Bargaining with Stack Overflow and other stages of developer grief

February 21, 2015 |

A few weeks ago, we published a little app on Time.com that uses unit-level Census data to show you how many single people in your city meet your dating standards. Using about 15 million records from the IPUMS project, we asked the user for his or her preference in education, income and other demographic questions and estimated what percent of the population matched those criteria.

As a kicker, the app searched the user's preferences across all cities and came up with a recommendation as to which places were the richest in acceptable mates. This was a major challenge since, as always, I prefer to work with flat files instead of live databases whenever possible. But I wasn't about to make 200 AJAX calls to the data files for each city, and it wasn't practical to precompute the top cities for every possible response when the permutations ran to the millions.

At one point, hours before this was scheduled to publish, I considered trying to load the entire dataset in the browser. I got so far as asking for permission to do this from Stack Overflow:

I'm building a quiz backed by a lot of Census data, and I would really like to power it with flat files rather than worry about a database and servers. (More on the case for flat files here.) The uncompressed JSON file I need for the file part of the quiz is currently 11MB.
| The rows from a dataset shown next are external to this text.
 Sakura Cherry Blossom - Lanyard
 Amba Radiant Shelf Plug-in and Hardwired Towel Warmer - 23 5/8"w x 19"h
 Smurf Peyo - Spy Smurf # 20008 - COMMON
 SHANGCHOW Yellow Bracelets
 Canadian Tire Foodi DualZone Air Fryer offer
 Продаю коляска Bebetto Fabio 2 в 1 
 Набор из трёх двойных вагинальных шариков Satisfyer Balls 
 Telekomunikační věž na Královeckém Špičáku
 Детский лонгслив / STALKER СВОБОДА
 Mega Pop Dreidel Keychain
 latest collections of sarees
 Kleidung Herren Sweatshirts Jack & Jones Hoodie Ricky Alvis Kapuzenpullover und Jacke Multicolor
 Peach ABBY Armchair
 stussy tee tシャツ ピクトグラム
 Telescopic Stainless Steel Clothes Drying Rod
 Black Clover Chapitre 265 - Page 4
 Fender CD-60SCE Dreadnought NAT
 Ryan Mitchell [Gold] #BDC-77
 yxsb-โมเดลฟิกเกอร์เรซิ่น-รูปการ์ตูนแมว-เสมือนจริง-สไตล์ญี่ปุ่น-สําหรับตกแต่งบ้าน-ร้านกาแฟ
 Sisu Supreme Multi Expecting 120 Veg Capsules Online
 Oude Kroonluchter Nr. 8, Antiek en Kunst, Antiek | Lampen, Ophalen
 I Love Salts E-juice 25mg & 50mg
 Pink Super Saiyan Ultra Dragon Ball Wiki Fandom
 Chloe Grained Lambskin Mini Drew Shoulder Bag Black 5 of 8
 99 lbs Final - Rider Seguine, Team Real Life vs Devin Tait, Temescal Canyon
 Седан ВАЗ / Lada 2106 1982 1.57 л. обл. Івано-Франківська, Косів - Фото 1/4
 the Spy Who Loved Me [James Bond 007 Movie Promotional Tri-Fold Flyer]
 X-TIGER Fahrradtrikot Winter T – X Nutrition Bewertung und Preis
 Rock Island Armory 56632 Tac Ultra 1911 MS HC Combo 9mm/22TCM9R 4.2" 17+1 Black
Right now, I'm making an AJAX request for the file right away, but not using it until the user has completed the quiz, which will take about 1 minute.

I realize this is a bit of a subjective question, but I'm wondering how much this is pushing the envelope when it comes to supporting a wide variety of modern phones and computers in 2015. I'm worried less about the bandwidth than about the memory and processing power in the device. The code parses through all the data, matches entries to user responses, and computes a result.

TL;DR

Is it crazy to AJAX an 11B JSON file if I don't need it for about 60 seconds? (I'll check to make sure I have it when the time comes, of course)

The solution was to load just the pieces of the full dataset we needed based on the user's responses and compute the optimal cities on the client. I considered deleting this question out of sheer embarrassment, but thought I would leave it up as an artifact of the sort of desperate measures we all take when the clock is ticking.